Would you please transcribe the records below from the line with "Bathroom 4, comfy crib hostel, Wattana" through their final line, exactly and with no other lines?

Start of Record set

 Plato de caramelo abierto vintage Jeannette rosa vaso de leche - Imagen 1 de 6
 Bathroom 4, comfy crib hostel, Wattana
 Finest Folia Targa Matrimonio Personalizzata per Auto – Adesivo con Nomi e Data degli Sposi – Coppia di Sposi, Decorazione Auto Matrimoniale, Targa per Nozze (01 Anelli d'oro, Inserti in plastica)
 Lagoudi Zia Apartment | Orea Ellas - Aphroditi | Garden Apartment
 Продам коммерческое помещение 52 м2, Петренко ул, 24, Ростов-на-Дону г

End of Record set

Answer:
 Bathroom 4, comfy crib hostel, Wattana
 Finest Folia Targa Matrimonio Personalizzata per Auto – Adesivo con Nomi e Data degli Sposi – Coppia di Sposi, Decorazione Auto Matrimoniale, Targa per Nozze (01 Anelli d'oro, Inserti in plastica)
 Lagoudi Zia Apartment | Orea Ellas - Aphroditi | Garden Apartment
 Продам коммерческое помещение 52 м2, Петренко ул, 24, Ростов-на-Дону г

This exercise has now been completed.